Zum 01.09.2001 tritt das neue Mietrecht in Kraft. Die Neuregelungen im Betriebskostenrecht fordern vom Vermieter besondere Sorgfalt.
Wie bisher dürfen nur die Betriebskostenarten auf den Mieter umgelegt werden, die in § 27 der Zweiten Berechnungsverordnung ausdrücklich ausgeführt sind. Daher ist es auch in Zukunft nicht möglich, Verwaltungs- oder Instandhaltungskosten als Betriebskosten umzulegen.
Weiterhin kann der Vermieter Vorauszahlungen oder Pauschalen für die Betriebskosten vereinbaren.
Soweit im Mietvertrag kein Umlagemaßstab vereinbart ist, gilt künftig die Wohnfläche als maßgebend. Der Gesetzgeber hat jedoch nicht festgelegt, wie die Wohnfläche richtig berechnet wird; es muss daher abgewartet werden, wie die Obergerichte sich bei den drei gängigen Arten der Berechnung der Wohnfläche entscheiden werden.
Soweit Betriebskosten verbrauchsabhängig oder verursachungsabhängig erfasst werden, ist der Vermieter künftig verpflichtet, die verbrauchs- oder verursachungsgerechte Umlage anzuwenden und er darf nicht mehr nach Grundfläche vorgehen. Konkret bedeutet dies, dass künftig beispielsweise nach Wasseruhr abgerechnet werden muss, wenn Wasseruhren vorhanden sind. Der Neueinbau von Erfassungsgeräten bei bestehenden Objekten ist weiterhin nicht Pflicht.
Bereits für die Abrechnungsperiode 2001 muss der Vermieter die Betriebskostenabrechnung innerhalb von zwölf Monaten nach Ende der Abrechnungsperiode dem Mieter übermitteln. Versäumt der Vermieter diese Frist, so ist er künftig mit Nachforderungen an den Mieter ausgeschlossen. Der Mieter kann aber sowohl die Abrechnung als auch Guthaben zu seinen Gunsten auch noch nach Ablauf der zwölfmonatigen Abrechnungsfrist vom Vermieter verlangen.

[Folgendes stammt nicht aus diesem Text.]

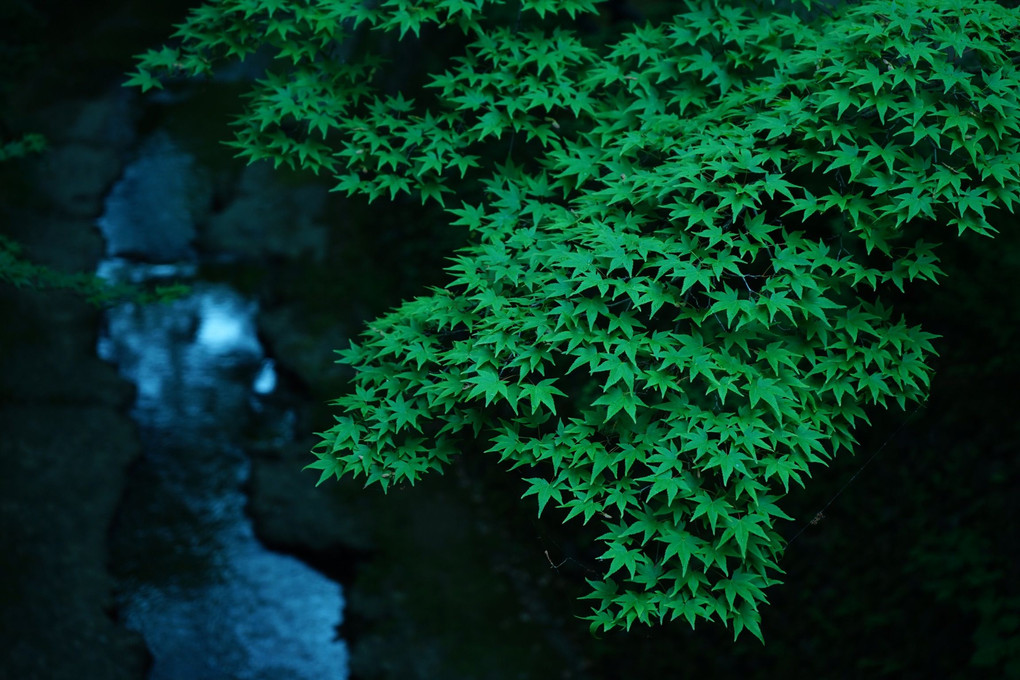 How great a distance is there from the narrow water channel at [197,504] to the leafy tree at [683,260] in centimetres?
383

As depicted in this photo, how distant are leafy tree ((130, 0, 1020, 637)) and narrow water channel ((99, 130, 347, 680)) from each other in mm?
3831

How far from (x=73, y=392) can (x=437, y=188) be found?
18.7 feet

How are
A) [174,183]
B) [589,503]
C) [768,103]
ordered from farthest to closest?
[174,183], [768,103], [589,503]

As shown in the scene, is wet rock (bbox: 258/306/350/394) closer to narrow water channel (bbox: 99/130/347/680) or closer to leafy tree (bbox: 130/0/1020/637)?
narrow water channel (bbox: 99/130/347/680)

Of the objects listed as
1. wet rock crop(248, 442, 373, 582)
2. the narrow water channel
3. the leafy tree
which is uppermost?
the leafy tree

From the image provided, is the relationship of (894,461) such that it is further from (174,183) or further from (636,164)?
(174,183)

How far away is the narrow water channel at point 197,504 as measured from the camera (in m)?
6.93

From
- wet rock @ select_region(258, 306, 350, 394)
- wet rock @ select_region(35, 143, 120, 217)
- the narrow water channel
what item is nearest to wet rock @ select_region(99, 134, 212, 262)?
the narrow water channel

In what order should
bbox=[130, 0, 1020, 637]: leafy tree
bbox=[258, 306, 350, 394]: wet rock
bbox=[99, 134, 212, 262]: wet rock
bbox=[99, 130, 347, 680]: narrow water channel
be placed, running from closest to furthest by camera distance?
bbox=[130, 0, 1020, 637]: leafy tree < bbox=[99, 130, 347, 680]: narrow water channel < bbox=[258, 306, 350, 394]: wet rock < bbox=[99, 134, 212, 262]: wet rock

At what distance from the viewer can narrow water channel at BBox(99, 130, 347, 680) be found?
693 centimetres

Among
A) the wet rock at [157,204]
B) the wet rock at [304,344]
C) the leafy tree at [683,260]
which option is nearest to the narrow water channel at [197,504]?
the wet rock at [157,204]

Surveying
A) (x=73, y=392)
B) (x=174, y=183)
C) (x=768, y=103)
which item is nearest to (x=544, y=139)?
(x=768, y=103)

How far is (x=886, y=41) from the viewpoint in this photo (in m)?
3.64

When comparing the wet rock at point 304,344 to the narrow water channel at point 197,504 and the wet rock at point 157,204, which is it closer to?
the narrow water channel at point 197,504
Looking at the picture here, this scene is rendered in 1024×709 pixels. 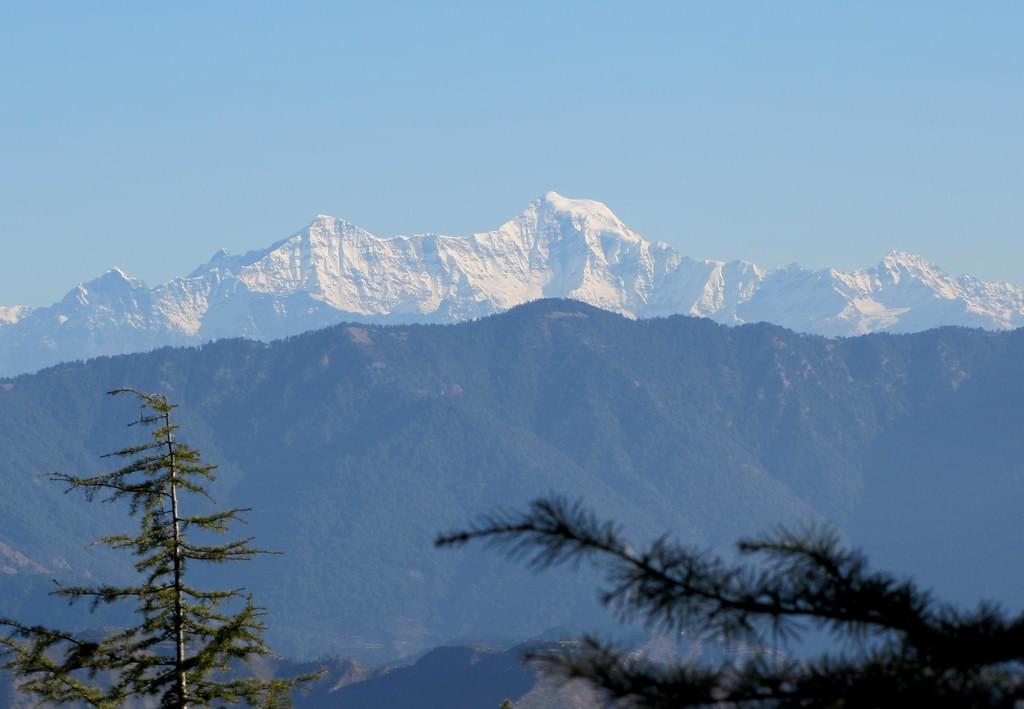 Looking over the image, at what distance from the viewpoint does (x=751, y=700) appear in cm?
1131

Umgekehrt ist der Mieter nach zwölf Monaten ab dem Zugang der Abrechnung mit Einwendungen gegen die Abrechnung ausgeschlossen. Hat der Mieter sich also ein Jahr nach der Abrechnung nicht gemeldet, kann er beispielsweise vor Gericht nicht mehr einzelne Einwendungen geltend machen und behaupten, die Abrechnung sei unrichtig.
Mithin haben sowohl Mieter als auch Vermieter gewisse Fristen einzuhalten, wobei der Abrechnung des Vermieters größere Bedeutung zukommt. Wenn das Ende der Abrechnungsfrist droht, wird es sich empfehlen, die Abrechnung unter Zeugen oder per Einschreiben-Rückschein dem Mieter zu übermitteln. Wegen der zwölfmonatigen Einwendungsfrist des Mieters kann es sich für den Vermieter empfehlen, nach Übermittlung der Betriebskostenabrechnung zunächst zwölf Monate abzuwarten, bis er die Nachzahlung gerichtlich geltend macht.